他重新把手放回竹简上,强迫自己继续读下去。随着最后一段残文涌入意识,整座滕王阁突然震动起来。一道金色光幕自他掌心扩散,笼罩整个顶层空间。空中浮现出全息般的记忆残影:少年时期的血鹰跪在祭坛前,双手捧起一柄黑曜石铸造的短剑,抬头时眼中已无泪水,只剩冰冷决绝。

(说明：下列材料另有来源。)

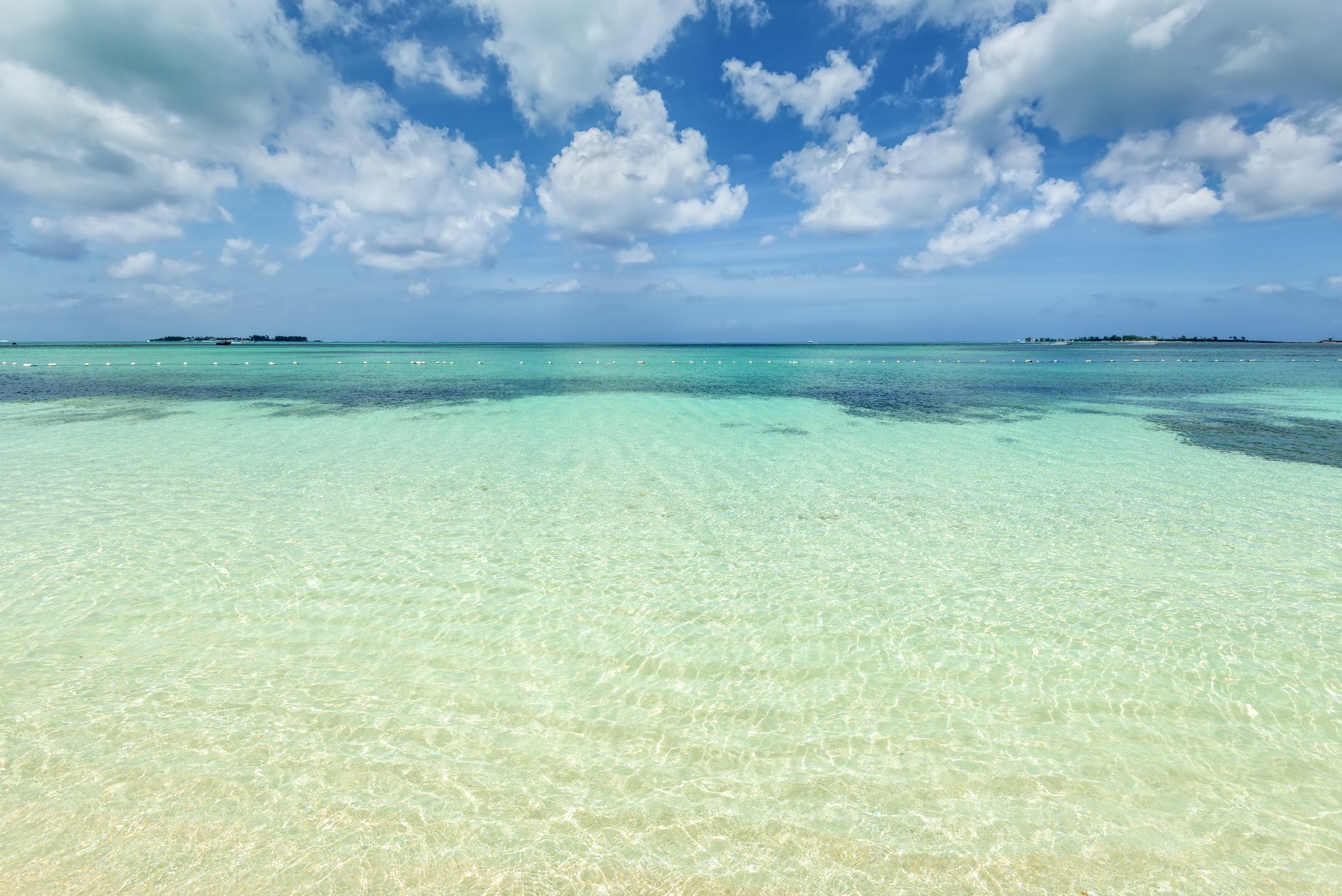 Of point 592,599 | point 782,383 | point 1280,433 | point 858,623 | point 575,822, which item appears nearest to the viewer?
point 575,822

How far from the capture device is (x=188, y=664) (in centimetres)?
548

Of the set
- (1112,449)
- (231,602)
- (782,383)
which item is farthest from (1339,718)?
(782,383)

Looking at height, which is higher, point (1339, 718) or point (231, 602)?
point (231, 602)

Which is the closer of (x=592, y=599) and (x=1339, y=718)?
(x=1339, y=718)

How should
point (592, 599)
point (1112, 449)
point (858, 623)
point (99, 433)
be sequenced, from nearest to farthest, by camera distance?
point (858, 623)
point (592, 599)
point (1112, 449)
point (99, 433)

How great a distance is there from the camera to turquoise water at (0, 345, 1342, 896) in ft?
11.9

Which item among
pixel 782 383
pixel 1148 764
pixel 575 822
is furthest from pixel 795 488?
pixel 782 383

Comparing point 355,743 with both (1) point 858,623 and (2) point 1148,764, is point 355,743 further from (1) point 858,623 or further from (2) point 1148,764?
(2) point 1148,764

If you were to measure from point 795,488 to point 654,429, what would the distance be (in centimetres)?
827

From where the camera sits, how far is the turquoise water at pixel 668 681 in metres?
3.62

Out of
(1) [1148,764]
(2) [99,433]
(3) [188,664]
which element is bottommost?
(1) [1148,764]

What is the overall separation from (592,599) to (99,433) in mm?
19002

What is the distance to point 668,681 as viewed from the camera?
542 cm

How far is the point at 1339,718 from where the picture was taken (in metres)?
4.84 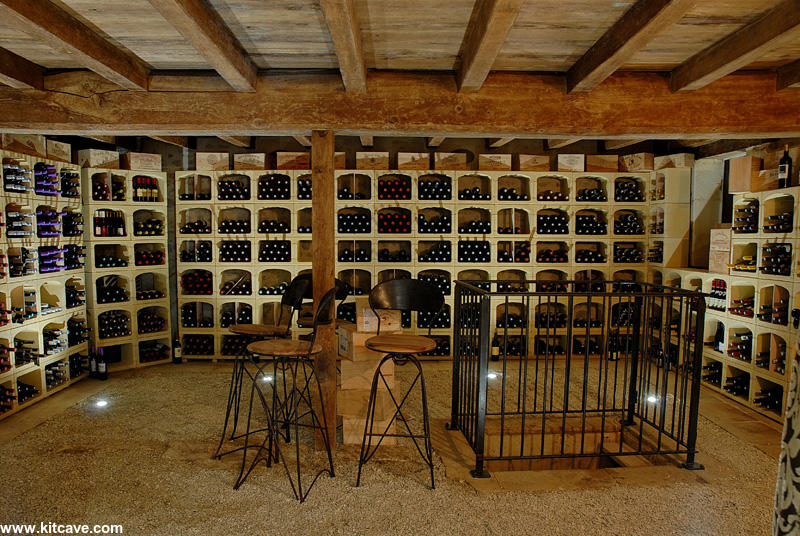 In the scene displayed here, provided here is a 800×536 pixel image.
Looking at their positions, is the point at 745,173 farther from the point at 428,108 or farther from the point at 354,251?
the point at 354,251

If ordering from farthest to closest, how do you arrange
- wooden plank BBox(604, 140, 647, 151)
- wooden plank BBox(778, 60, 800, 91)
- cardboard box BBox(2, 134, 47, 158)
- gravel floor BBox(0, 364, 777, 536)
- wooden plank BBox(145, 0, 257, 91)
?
1. wooden plank BBox(604, 140, 647, 151)
2. cardboard box BBox(2, 134, 47, 158)
3. wooden plank BBox(778, 60, 800, 91)
4. gravel floor BBox(0, 364, 777, 536)
5. wooden plank BBox(145, 0, 257, 91)

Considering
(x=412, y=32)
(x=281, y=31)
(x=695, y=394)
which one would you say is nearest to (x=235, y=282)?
(x=281, y=31)

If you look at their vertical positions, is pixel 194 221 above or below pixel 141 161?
below

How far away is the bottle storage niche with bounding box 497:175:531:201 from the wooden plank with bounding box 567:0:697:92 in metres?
2.72

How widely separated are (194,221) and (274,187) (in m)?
1.35

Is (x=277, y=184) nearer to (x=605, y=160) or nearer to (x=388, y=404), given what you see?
(x=388, y=404)

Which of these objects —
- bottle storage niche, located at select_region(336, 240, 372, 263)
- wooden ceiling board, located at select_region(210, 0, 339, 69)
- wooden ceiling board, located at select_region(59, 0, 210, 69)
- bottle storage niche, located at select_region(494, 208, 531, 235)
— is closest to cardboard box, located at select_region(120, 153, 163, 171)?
bottle storage niche, located at select_region(336, 240, 372, 263)

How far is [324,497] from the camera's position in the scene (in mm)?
2908

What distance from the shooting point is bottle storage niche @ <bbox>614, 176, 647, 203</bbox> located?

“现在开始,”他的声音从虚空中响起,平静却带着撕裂感,“我是加害者。”

话音未落,阁顶光影扭曲,半张青铜鬼面凭空凝聚,悬浮于藻井之上。那双空洞的眼孔直勾勾盯着二人,嘴角似乎扬起一丝笑意。

李信没动,反而冷笑一声:“你还挺喜欢玩投影?上次用傀儡,这次用全息,能不能换个新鲜的?”他说话时,眼角余光扫过四周,确认没有其他能量波动。同时,他悄悄将背包挪到身侧,以防万一需要快速撤离。

鬼面没回应,只是缓缓抬起机械臂,在空中划出四个大字:

你们懂痛吗?

莫离握紧了剑柄,指节因用力而微微发白。她看着那行字,忽然觉得荒谬又悲凉。她想起了父亲被抹去名字的档案,母亲一夜白头的模样,还有祖母消失前最后的眼神。这些都不是“痛”能概括的,而是被系统性地抹除存在感的过程。

“我们不懂你被人改造成兵器的痛,但我们见过亲人被抢走的痛,见过真相被抹掉的痛。你拿这些当理由去毁一切,算什么英雄?”

“我不是英雄。”鬼面的声音终于响起,金属质感中夹杂着一丝疲惫,“我只是不想再做标本。”

光影开始消散,最后一刻,它转向李信,留下一句:“你念得出《滕王阁序》,救不了他们。你背得了万卷书,填不上一道伤。”

李信站在原地,掌心血纹仍未熄灭,映得竹简微微发亮。他低头看着手中这本《剑狱序》,指尖轻轻抚过那段被泪浸糊的字迹。那一刻,他不再只是考古学家,更像是在阅读一封来自地狱的求救信。

“他恨的不是世界。”他喃喃道,“是他明明受害,却变成了别人手中的刀。”

莫离走到窗边,望向远处山林。自燃的飞行器残骸已经熄灭,夜空恢复黑暗,唯有几颗星还悬在牛斗位置,其中一颗仍在忽明忽暗,节奏如同心跳。她忽然意识到,这不是自然现象,而是某种编码信号——也许正是当年雷焕家族用来传递情报的方式。

“他在等我们犯错。”她说,“等我们同情他,犹豫一瞬,就会被反咬一口。”

李信把竹简塞进背包,顺手掏出AR眼镜检查信号。屏幕闪了两下,依旧显示【定位失败】。他皱眉,又试了三次,结果相同。高科技废了。他收起设备,心中却升起一种奇怪的预感:也许这才是对方希望看到的局面——逼他们回归原始手段,用最笨的办法,走最危险的路。